96.  The applicants accepted that the right of access to a court did not encompass also a right of access to a court competent to examine appeals on points of law. However, if the legislature chose to create such court, it should respect the principles of procedural fairness in the procedure before it. These principles applied also to the proceedings in which the party's access to that court was determined. Under applicable Polish legislation, these principles had not been observed properly, as indicated by the Supreme Court in its resolution of 21 September 2000. It had emphasised therein a certain conceptual confusion to be noted in the provisions governing legal aid as a whole, mostly because the legislator had failed to harmonise the relevant provisions of civil and criminal procedure. The applicants stressed that these systemic shortcomings had manifested themselves in the concrete circumstances of their case.

97.  The applicants submitted that it had been improper on the part of the lawyer to oblige them to ask for the written grounds of the judgment on the merits and to have that judgment served on them. The burden of the conduct of the proceedings had fallen on them, while this essentially was a task of the legal aid lawyer. Further, the subsequent difficulties which the applicants experienced in getting in touch with him showed that the conduct of legal assistance in their case had not been sufficiently diligent. The applicants repeatedly tried to arrange a meeting with him, but to no avail.

98.  The applicants maintained that it was of little importance that the judgment was finally served on the lawyer on 21 January 2000. Even assuming, as the Government did, that the time-limit for the lodging of the cassation appeal started to run from that date, it did not justify the fact that the conduct of the representation by the legal aid lawyer had been negligent during a period of more than eight months.

99.  The applicants submitted that during the meeting of 27 January 2000 the lawyer had merely told them that he saw no grounds on which to lodge a cassation appeal. It was in February 2000, and only in reply to their written complaint to the local Bar Association, that this refusal had been formulated in writing.

100.  The applicants pointed out that, even accepting the Government's submission that from 27 January 2000 the applicants had twenty-four days for lodging the cassation appeal, they did not have financial means to hire a lawyer. It was essentially for that reason that the courts had granted legal aid to them. In the absence of any mechanism available under domestic law to regulate properly situations in which legal aid lawyer refused to draw up the cassation appeal, they had been deprived of any remedies by which to improve their procedural situation and effectively lodge an appeal with the Supreme Court.

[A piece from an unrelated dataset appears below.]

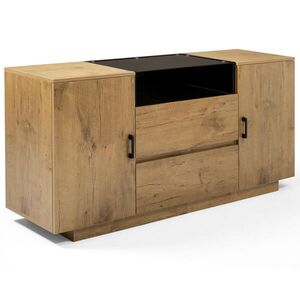 Urban Meuble SIDEBOARD v dekoru dub se skleněným čelem se 2 zásuvkami, 2 dvířky a otevřenou přihrádkou obraz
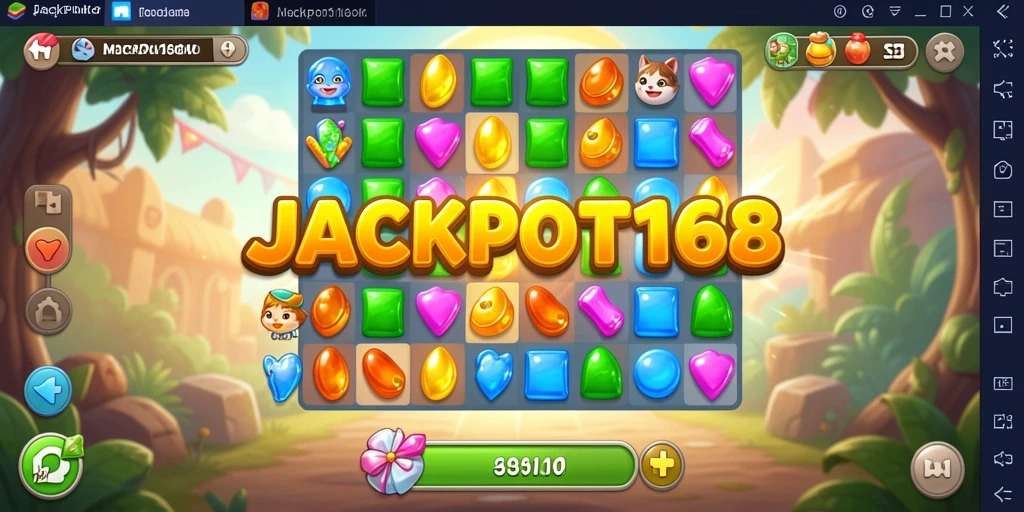 Screenshot utama JACKPOT168 menampilkan gameplay Match-3 yang seru.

2.  The third parties' submissions

a)  The Council of Bars and Law Societies of Europe

101.  The Council of Bars and Law Societies of Europe recalled that Article 6 § 1 of the Convention embodied the “right to a court”, of which the right of access, that is, the right to institute proceedings before a court in civil matters, constituted one aspect (Tinnelly & Sons Ltd and Others and McElduff and Others v. the United Kingdom, judgment of 10 July 1998, Reports of Judgments and Decisions 1998-IV, § 72). In some circumstances, professional legal assistance was necessary to ensure that an individual enjoys the right to a court. This requirement could be fulfilled by the grant of legal aid. Article 6 § 1 might sometimes compel the State to provide for the assistance of a lawyer when such assistance proved indispensable for an effective access to court either because legal representation was rendered compulsory, as was done by the domestic law of certain Contracting States for various types of litigation, or by reason of the complexity of the procedure or of the case (Airey v. Ireland, judgment of 9 October 1979, Series A no. 32, § 26).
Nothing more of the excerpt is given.